But as soon as you need to get a glimpse at any raw internal kernel data
(e.g., very commonly a struct task_struct
which represents a process/thread
and contains a treasure trove of process information), you are on your own. It
is commonly the case for tracing, monitoring, and profiling applications,
which are a huge class of extremely useful BPF programs.
In such cases, how do you make sure you are not reading garbage data when some
kernel added an extra field before the field you thought is, say, at offset 16
from the start of struct task_struct
? Suddenly, for that kernel, you'll need
to read data from, e.g., offset 24. And the problems don't end there: what if
a field got renamed, as was the case with thread_struct
's fs
field (useful
for accessing thread-local storage), which got renamed to fsbase
between 4.6
and 4.7 kernels. Or what if you have to run on two different configurations of
a kernel, one of which disabled some specific feature and completely compiled
out parts of the struct (a common case for additional accounting fields, which
are optional, but extremely useful if present)? All this means that you can no
longer compile your BPF program locally using kernel headers of your dev
server and distribute it in compiled form to other systems, while expecting it
to work and produce correct results. This is because kernel headers for
different kernel versions will specify a different memory layout of data your
program relies on.
So far, people have been dealing with this problem by relying on
BCC (BPF Compiler Collection). With BCC,
you embed your BPF program C source code into your user-space program (control
application) as a plain string. When control application is eventually
deployed and executed on target host, BCC invokes its embedded Clang/LLVM,
pulls in local kernel headers (which you have to make sure are installed on
the system from correct kernel-devel
package), and performs compilation on
the fly. This will make sure that memory layout that BPF program expects is
exactly the same as in the target host's running kernel. If you have to deal
with some optional and potentially compiled-out stuff in kernel, you'll just
do #ifdef
/#else
guarding in your source code to accommodate such hazards
as renamed fields, different semantics of values, or any optional stuff not
available on current configuration. Embedded Clang will happily remove
irrelevant parts of your code and will tailor BPF program code to specific
kernel.
This sounds great, doesn't it? Not quite so, unfortunately. While this workflow works, it's not without major drawbacks.
-
Clang/LLVM combo is a big library, resulting in big fat binaries that need to be distributed with your application.
-
Clang/LLVM combo is resource-heavy, so when you are compiling BPF code at start up, you'll use a significant amount of resources, potentially tipping over a carefully balanced production workfload. And vice versa, on a busy host, compiling a small BPF program might take minutes in some cases.
-
You are making a big bet that the target system will have kernel headers present, which most of the time is not a problem, but sometimes can cause a lot of headaches. This is also an especially annoying requirement for kernel developers, because they often have to build and deploy custom one-off kernels as part of their development process. And without a custom-built kernel header package, no BCC-based application will work on such kernels, stripping developers of a useful set of tools for debugging and monitoring.
-
BPF program testing and development iteration is quite painful as well, as you are going to get even most trivial compilation errors only in runtime, once you recompile and restart your user-space control application. This certainly increases friction and is not helping to iterate fast.

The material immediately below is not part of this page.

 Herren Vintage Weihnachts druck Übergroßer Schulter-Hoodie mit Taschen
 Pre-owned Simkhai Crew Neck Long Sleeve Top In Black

Overall, while BCC is a great tool, especially for quick prototyping, experimentation, and small tools, it certainly has lots of disadvantages when used for widely deployed production BPF applications.

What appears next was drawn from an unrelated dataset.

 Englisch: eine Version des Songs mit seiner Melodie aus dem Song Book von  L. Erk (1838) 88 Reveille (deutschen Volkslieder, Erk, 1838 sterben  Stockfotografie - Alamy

But BPF CO-RE is stepping up the game of BPF portability and is arguably the future of BPF program development, especially for complex real-world BPF applications.

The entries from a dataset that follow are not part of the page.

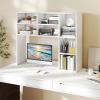 imageGiantex Desktop Bookshelf Countertop Storage Hutch with 4 Shelves for Computer Desk Dressing Tabletop Display Rack Multipurpose Desk Hutch Storage Organizer for Home Office Dorm Grey OakWhite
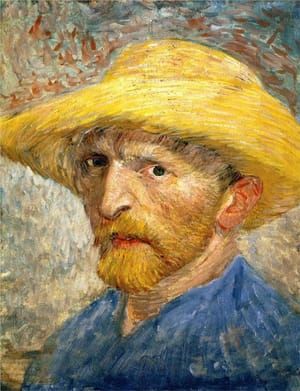 Artwork Title: Self Portrait with Straw Hat, Paris: Summer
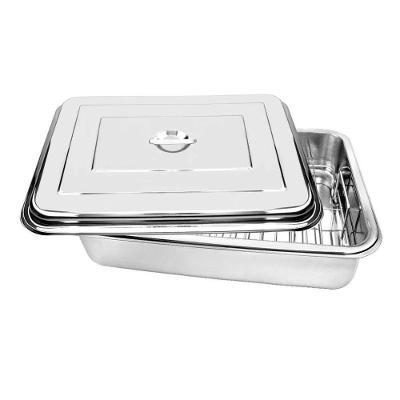 Assadeira Alta 30x40cm Aço Inoxidável com Tampa e Grelha Interna Inox Docesar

High-level BPF CO-RE mechanics
BPF CO-RE brings together necessary pieces of functionality and data at all levels of the software stack: kernel, user-space BPF loader library (libbpf), and compiler (Clang) – to make it possible and easy to write BPF programs in a portable manner, handling discrepancies between different kernels within the same pre-compiled BPF program. BPF CO-RE requires a careful integration and cooperation of the following components:
-
BTF type information, which allows to capture crucial pieces of information about kernel and BPF program types and code, enabling all the other parts of BPF CO-RE puzzle;
-
compiler (Clang) provides means for BPF program C code to express the intent and record relocation information;
-
BPF loader (libbpf) ties BTFs from kernel and BPF program together to adjust compiled BPF code to specific kernel on target hosts;
-
kernel, while staying completely BPF CO-RE-agnostic, provides advanced BPF features to enable some of the more advanced scenarios.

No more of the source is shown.